By the mid-seventies, things became pretty clear for motoring America that, as far as status-symbol cars were concerned, Lincoln and Cadillac were in a class of their own. 1974 must have been a tremendous and miserable year at the same time for the automotive universe after the shockwave of the first oil crisis rippled through the fabric of the gas-burning paradigm. The oil embargo hit right after the carmakers began production for the 1974 model year, making it impossible for them to find a safe haven anywhere.
But, like in any other period of human history, the rich didn’t really feel the stingy geopolitical wars over the petrodollars. Lincoln was among the brands whose reputation prevailed over its gas-guzzling habits, making it immune to federal attempts to change America’s mind about personal luxury cars.
Unlike General Motors, Ford opted for a more refined front-end look, with a narrow “Greek Temple” grille that slightly resembled Rolls-Royce’s unmistakable radiator cover. The car kept the ‘personal luxury’ philosophy, sticking to the long hood, short deck styling, and retaining the fake spare wheel cover mold in the trunk lid.
Lincoln bragged about its Continental Mk IV becoming a legend in its own time despite some hindrances from the government. No, the feds weren’t going after Henry Ford II’s luxury cars in particular, but here’s what they did: a seatbelt interlock requirement.
Another safety-concerned trait was the 5-mph (8 kph) rear bumper (the front one had become mandatory in 1973). To disguise the shock-absorbing mechanisms that allowed the bumpers to resist said impacts, urethane panels covered the gaps between the body and the collision protections. Ultimately, the cars’ roofs had to withstand a weight equal to 150% of the vehicle's mass without collapsing.

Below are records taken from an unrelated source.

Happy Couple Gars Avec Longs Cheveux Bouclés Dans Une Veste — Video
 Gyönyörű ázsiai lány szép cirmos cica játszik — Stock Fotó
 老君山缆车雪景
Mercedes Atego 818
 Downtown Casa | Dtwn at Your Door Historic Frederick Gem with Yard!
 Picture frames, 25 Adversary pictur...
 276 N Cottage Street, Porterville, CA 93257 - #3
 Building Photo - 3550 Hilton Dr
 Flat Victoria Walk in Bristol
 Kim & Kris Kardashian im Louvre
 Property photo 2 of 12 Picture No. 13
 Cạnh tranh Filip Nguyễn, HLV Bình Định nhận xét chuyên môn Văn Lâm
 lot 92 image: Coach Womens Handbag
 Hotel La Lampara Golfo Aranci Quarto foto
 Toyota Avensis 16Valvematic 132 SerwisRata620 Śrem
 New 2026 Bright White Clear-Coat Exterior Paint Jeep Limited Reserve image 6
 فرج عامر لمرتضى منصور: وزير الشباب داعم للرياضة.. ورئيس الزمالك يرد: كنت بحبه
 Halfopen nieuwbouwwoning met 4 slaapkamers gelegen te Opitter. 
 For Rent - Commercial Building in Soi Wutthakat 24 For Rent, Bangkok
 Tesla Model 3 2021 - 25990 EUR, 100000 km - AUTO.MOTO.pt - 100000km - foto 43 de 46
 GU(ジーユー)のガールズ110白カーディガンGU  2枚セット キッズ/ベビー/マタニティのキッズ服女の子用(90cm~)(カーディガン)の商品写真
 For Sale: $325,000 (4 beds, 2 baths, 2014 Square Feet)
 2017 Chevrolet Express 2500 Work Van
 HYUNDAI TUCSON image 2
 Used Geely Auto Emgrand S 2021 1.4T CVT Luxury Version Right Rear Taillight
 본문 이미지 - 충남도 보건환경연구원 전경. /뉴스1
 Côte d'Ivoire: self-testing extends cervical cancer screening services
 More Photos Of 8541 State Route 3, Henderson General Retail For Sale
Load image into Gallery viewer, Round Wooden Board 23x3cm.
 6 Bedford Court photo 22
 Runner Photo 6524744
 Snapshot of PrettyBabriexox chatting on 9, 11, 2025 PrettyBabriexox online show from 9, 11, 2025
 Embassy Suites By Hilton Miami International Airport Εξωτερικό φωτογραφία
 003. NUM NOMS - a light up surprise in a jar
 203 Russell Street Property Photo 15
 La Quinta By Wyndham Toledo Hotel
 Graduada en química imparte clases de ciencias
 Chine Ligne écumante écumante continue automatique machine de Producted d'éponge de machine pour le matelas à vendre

Naturally, all these requirements added weight to cars. In Lincoln’s case, the Continental MK IV grew to 2.4 tons – and this was still a two-door personal automobile, not a full-size pickup truck. The extra load didn’t help with fuel economy, either, not that the 460-cubic-inch V8 was a money saver. At 7.5 liters, the enormous V8 was an unsatiable ogre that evaporated one quart of gas every three miles. At 11 mpg (roughly 20 l/100 km), the Lincoln was not on the list of EPA award winners.
Rust has sunk its teeth in it, with the help of a lousy paint job on the hood and front panels, and the vinyl top lost the battle with the elements. However, the interior is in a much better state than the shell – a solid proof of what $10,000 would buy in 1974. The boys from WD Detailing who performed the cosmetic refreshment on this Lincoln didn’t check the engine to see if it runs or turns. Still, the engine bay looks nice enough to keep the hopes high.
After the government decided to prick carmakers in the speed, fun, and emissions sectors, inaugurating the Malaise Era, cars lost their luster, horsepower-wise. The 460-cube big-block V8 delivered 220 net hp and 355 lb-ft (223 PS / 482 Nm) with the compression capped at 8.5:1 (down quite a bit from the 10.5:1 figure of the previous generation model). The transmission was a single-offer three-speed Ford C6 automatic. The shifter was placed on the steering column, giving the Continental Mk IV a six-passenger carrying capacity.
This example featured In the video is a project worthy of restoration, provided that the next owner is willing to pour some cubic dollars over the Lincoln. The YouTubers didn’t reveal the mileage or other details about the car’s history, so it’s anyone’s guess whether this car will return to the road.